We have but scratched the surface, and much more needs to be done if women are to benefit from their labour in agriculture. Working with development partners, African governments must deliberately introduce training on the whole agricultural value chain, targeting women and youth. It is clear that agriculture will be the next youth employer. But out of the eleven million youths entering the job market in Africa each year, only three million are able to get gainful employment. Governments and development partners should support initiatives like AWAN Afrika to scale up our activities in order to reach more women and youth.
What about COVID-19?
Finally, as Africa stares at its first recession in 25 years, owing to the effects of the COVID-19 pandemic, international solidarity with the continent is required to keep businesses afloat. The first victims of the sustained lockdowns and restriction of movement measures put in place to contain the spread of the Coronavirus are women smallholder farmers and young agripreneur start-ups. Women will be affected down to the household level due to additional work as a consequence of the lockdown.
Post-COVID-19, the international community has been left devastated, and traditional lenders will be dealing with their own domestic challenges. While big businesses will decry a lack of stimulus packages, for informal traders and smallholder farmers, these packages may actually not be the solution. We need to seek solutions that will impact the lives of millions of vulnerable farming families.
AWAN Afrika is in the process of finalising a survey on the impact of COVID-19 on Small and Medium Enterprises. We aim to understand their coping mechanisms and what their businesses are going to look like eight months from now. Women will suffer a double blow, because now, in addition to losing income, they must take care of their children, who are at home as schools are closed, they lack labour to manage their farms, and domestic violence is on the rise.
We, the AWAN Afrika initiative appeal for the support of our project, which is based on a business model that seeks flexible funding to help our Small and Medium enterprises survive the economic shocks of COVID-19. Businesses need cash, and our women have no access to cash sources. As many of these women have told us, for them, hunger is closer and more dangerous than COVID-19.
Impact of COVID-19 on agribusiness
31 African countries have imposed full border closures – as governments battle to contain the spread of the virus, this means that in some areas, smallholder farmers, who make up 80 per cent of Africa’s food producers, cannot farm.
There are fears that production will fall in the various sectors. Much of Africa’s agricultural production is manual, and the ongoing lockdowns and restrictions in movement are likely to cut labour supply but also harvests and supplies.
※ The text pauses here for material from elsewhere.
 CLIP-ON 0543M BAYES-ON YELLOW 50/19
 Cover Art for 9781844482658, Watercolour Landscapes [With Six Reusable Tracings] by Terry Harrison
The disruptions have also affected the value chain, for those in agribusiness are not able to reach markets.
Unlike wealthy countries, African agribusiness players do not have the resources to cushion their businesses from the effects of prolonged closures and lockdowns. This therefore calls for urgent financial interventions to help them build resilience for their businesses and also recover from the effects of the coronavirus pandemic.
Beatrice Gakuba is the Executive Director of Africa Women Agribusiness Network (AWAN) Afrika, a panafrican non-profit organisation based in Kenya.